PROBLEM DESCRIPTION: In the material below, find the line containing "Smooth Cyprus Blue" and the line containing "Lumberjack Nizke superge", then reproduce exactly both of them and every line between, and nothing else.

PROVIDED MATERIAL:
---*---

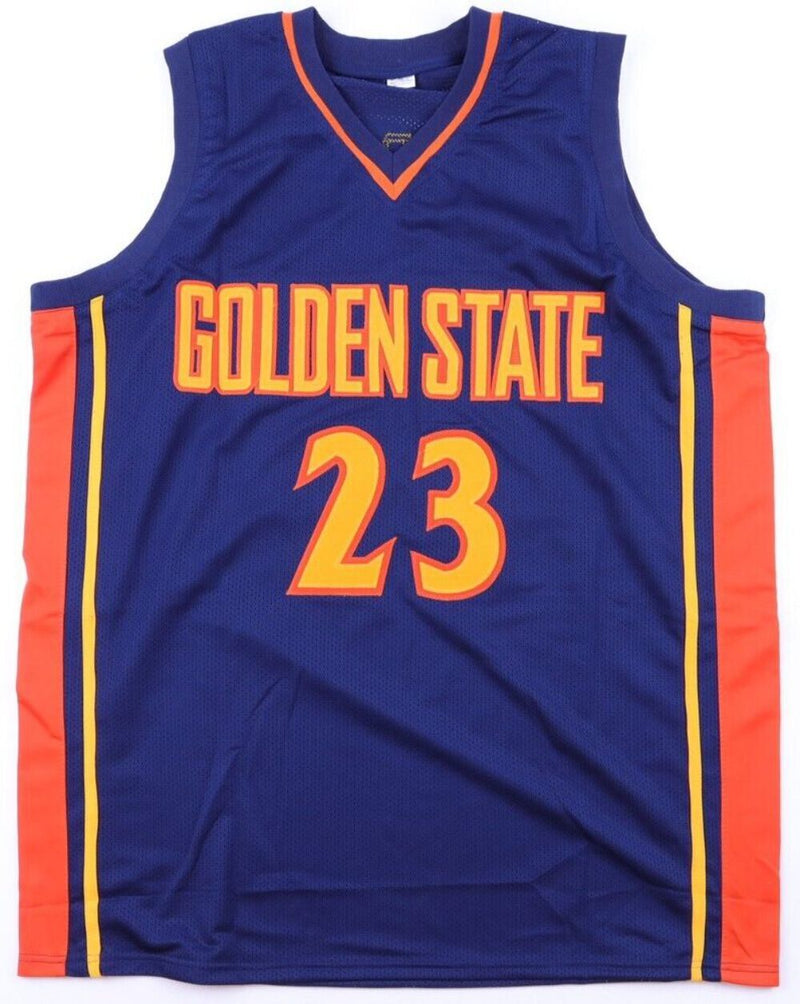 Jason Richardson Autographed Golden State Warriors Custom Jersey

---*---

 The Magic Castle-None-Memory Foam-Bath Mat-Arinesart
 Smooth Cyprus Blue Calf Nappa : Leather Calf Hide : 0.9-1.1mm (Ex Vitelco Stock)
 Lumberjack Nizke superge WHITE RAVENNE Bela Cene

---*---

PROBLEM SOLUTION:
 Smooth Cyprus Blue Calf Nappa : Leather Calf Hide : 0.9-1.1mm (Ex Vitelco Stock)
 Lumberjack Nizke superge WHITE RAVENNE Bela Cene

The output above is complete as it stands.